The key to the solar system?

One of the best ways to learn how our Solar System formed and has evolved is by studying younger star systems in the early stages of development. In addition to expanding the universe of known planets, GPI will provide key clues as to how other solar systems form.

"The exoplanets that are easiest to detect are so close to their stars that they are scorched. But the exoplanets we can detect with GPI are cooler worlds, allowing us to study the pristine atmospheres of still-cooling planets like 51 Eri b," said Morzinski, an assistant astronomer at the UA's Steward Observatory. "Direct imaging gives us access to planets that are most similar to the giant planets in our own Solar System."

Astronomers believe that the gas giants in our Solar System formed by building up a large core over a few million years and then pulling in a huge amount of hydrogen and other gasses to form an atmosphere.

But the Jupiter-like exoplanets that have so far been discovered are much hotter than some models have predicted. This suggests that they could have formed much faster, as material collapses quickly to make a very hot planet.
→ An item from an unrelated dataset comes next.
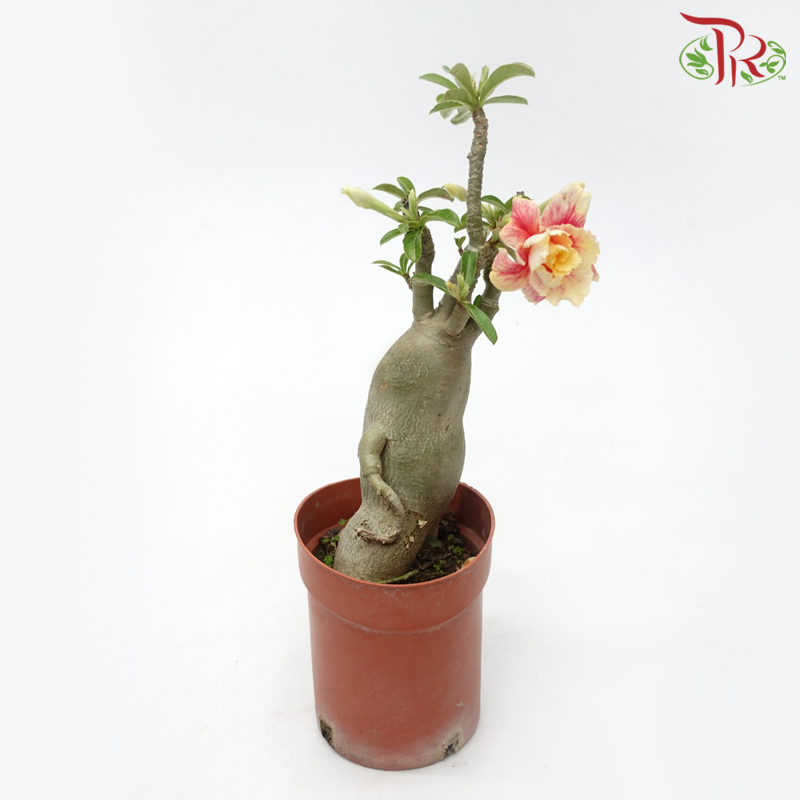 Adenium 《富贵花》- Pink/Red Flower-Pudu Ria Florist-prflorist.com.my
This is an important difference. The core-buildup process can also form rocky planets like the Earth; a fast and hot collapse might only make giant gassy planets. 51 Eridani b is young enough that it 'remembers' its formation.

There are hundreds of planets a little bigger than Earth out there, Macintosh said, but there is so far no way to know if they are really "super-Earths" or just micro-sized gas and ice planets like Neptune or something different all together. Using GPI to study more young solar systems such as 51 Eridani, he said, will help astronomers understand the formation of our neighbor planets, and how common that planet-forming mechanism is throughout the universe.